Forms and colors – Victor Vasarely (LS-ME-564)

Explore the connection between geometry and fine arts. With this Europeana Learning Scenario you will discover the possibility to see the transformation of an artistic composition when using several geometrical shapes and colors.

Overview

As a museum educator, I I always felt passion about the connection between geometry and fine arts. Modern art movements emphasized the link between these two fields. The man who extensively worked in this direction was Victor Vasarely, a Hungarian artist who lived in France. In his approach, he offered the viewer the possibility to see the transformation of an artistic composition when using several geometrical shapes and colors.

The learning scenario that I created introduces Victor Vasarely and the art mouvement Op Art to kindergarten students. Notions of the theory of color were presented as well. As art and geometry need practice, after the discussion part, I imagined a workshop. The activity took place in the classroom and the works of art were brought to the students.

Looking at the works of Victor Vasarely

Bringing the works of art in a classroom is something magic as the classroom becomes a museum for a short moment. The students appreciate this change and the proximity with the art works. For this learning scenario I used 4 art impressions of the works of Victor Vasarely, produced in the ’70 by the Publishing House Griffon Neufchatel, Switzerland. All these works contained repeated geometrical shapes that created dynamic compositions. Three of them were in black and white. In the last work, Vasarely used several shades of blue.
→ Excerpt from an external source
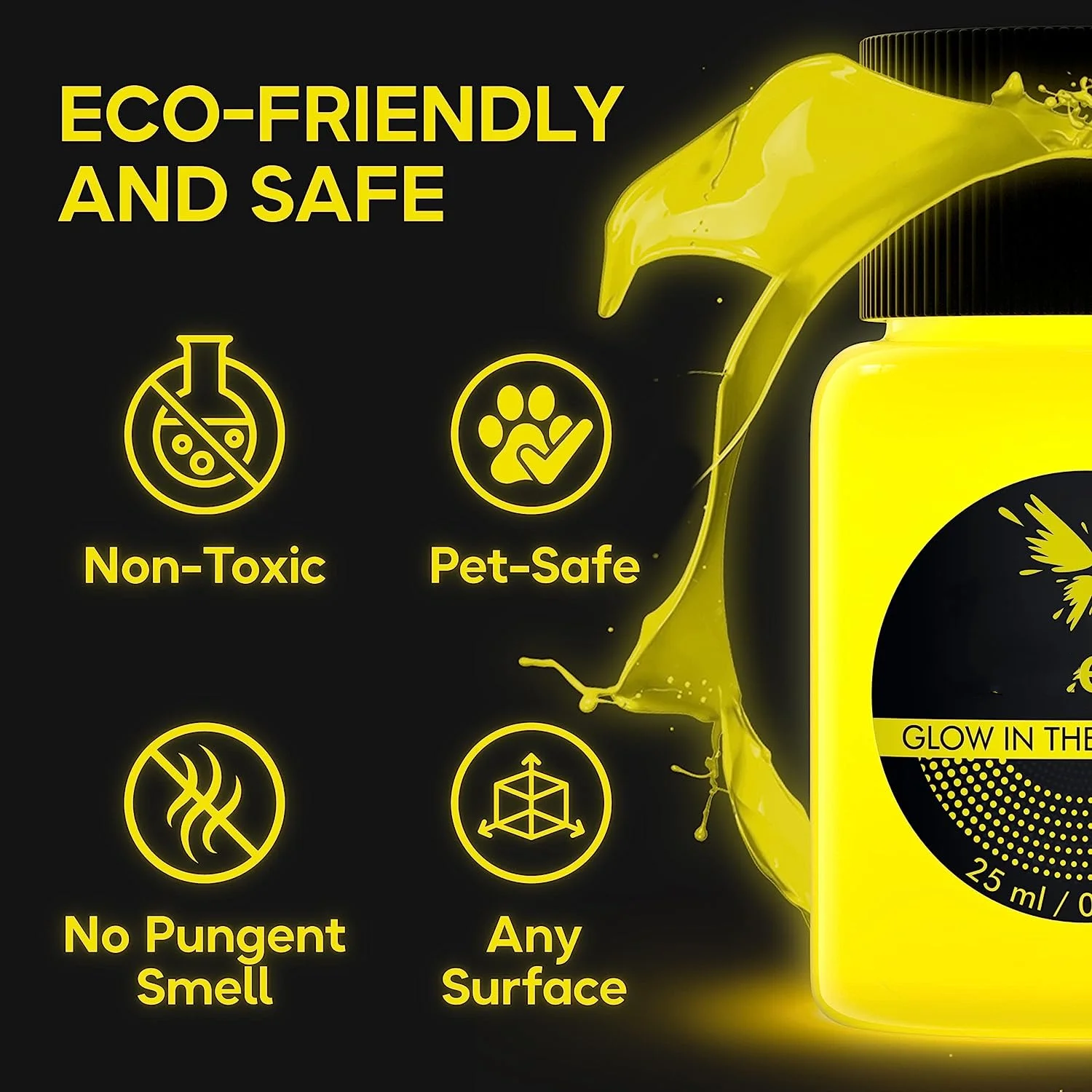 Glow in The Dark 60ml /2oz Charge-Glow UV Activated For Outdoor DIY Craft Holiday Decor Christmas Kids Neo Acrylic Paints Set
Natural forms with geometrical shapes

I considered that it’s very important to tell the students how Vasarely discovered that geometrical shapes exist in nature too. To make this story more playful, I made up a scale model containing the portrait of the artist, a background photo of Belle Isle (the location where Vasarely realized that pebbles on the beach are shape alike geometrical figures) and another background photo of the Vasarely Foundation. Additionally, I collected pebbles from the beach with forms of: triangle, disc, half of disc, square. In this way, students could see the evolution of the creative process of the artist.
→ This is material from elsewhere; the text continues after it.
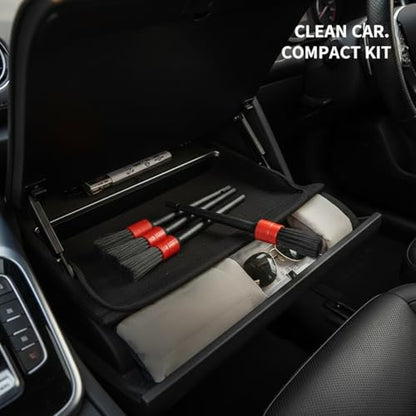 5-Piece Car Detailing Brush Set for Interior Vents, Dashboard Crevices & Wheel Rims - Black PP Plastic Cleaning Tools
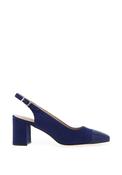 Zany Shimmer Croc Effect Heeled Shoe, Royal Deep Blue image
To highlight the transition from the natural items to drawing ones, I created a puzzle game. Therefore, on a long sheet of paper, I did drawn outlines of forms of the pebbles. Participants had to name the geometrical shapes of the pebbles (triangle, disk, square and half of the disk) and place them on the right drawing on the paper. 

Analyzing the Vasarely’ works of art

I placed the 4 works of art in the classroom and I started a dialogue with the students about the geometrical shapes. For example, I asked them where they see triangles/squares/disks/half of disks. How many? Do the triangles have the same size? What is their color? Moreover, I approached matters like the position of the forms. How are the geometrical forms arranged? Did the artist imagined an emplacement for each form? Finally, I spoke with them about color. Did Vasarely use the same shade of blue everywhere?

Vasarely’s creative process

To facilitate the comprehension of the creative process of Vasarely, I conceived other games. With the help of little soft black linoleum squares I showed how Vasarely organized his forms in order to have a dynamic composition. First, I arranged them vertically to form a square. Then, I tilt the little squares inside the big square. For the second game, together with the participants, I wanted to create a dynamic composition. Therefore, each participant had to place on a long sheet of paper, on the good outline, a linoleum square shape. Meanwhile, we had to respect a certain order. 

Obtaining shades of blue

Vasarely used color to give a mouvement to the forms he laid on the surface of his canvas. By coloring progressively, from dark to pale, in the work I showed to the participants, Vasarely created a mouvement.

First of all I asked the participants to enumerate the colors they see. They remarked that Vasarely used white, black and blue. We discussed about how many types of blue Vasarely used. The participants remarked that the artist painted with several sorts of blue. In addition, they noticed that the blue darkens or pales progressively. I also mentioned primary colors (red, blue, yellow) and secondary colors (green, purple, orange) and how to obtain them.

My goal was to show how to obtain pale or dark shades of blue. For this, I imagined a demonstrative session. I squished some drops of black paint and nearby, on the painting tray, some drops of blue paint. Afterwards, lifting the painting tray face to the audience, I mixed the two colors with a painting brush. I asked the participants if the new color obtained is pale or dark. I did the same operation for the pale blue and for the secondary colors. Moreover, to explain progressive shades in the manner of Vasarely, I made a color shade chart with the same form and dimension as in the painting. This shade chart was like a puzzle and each piece had a different shade.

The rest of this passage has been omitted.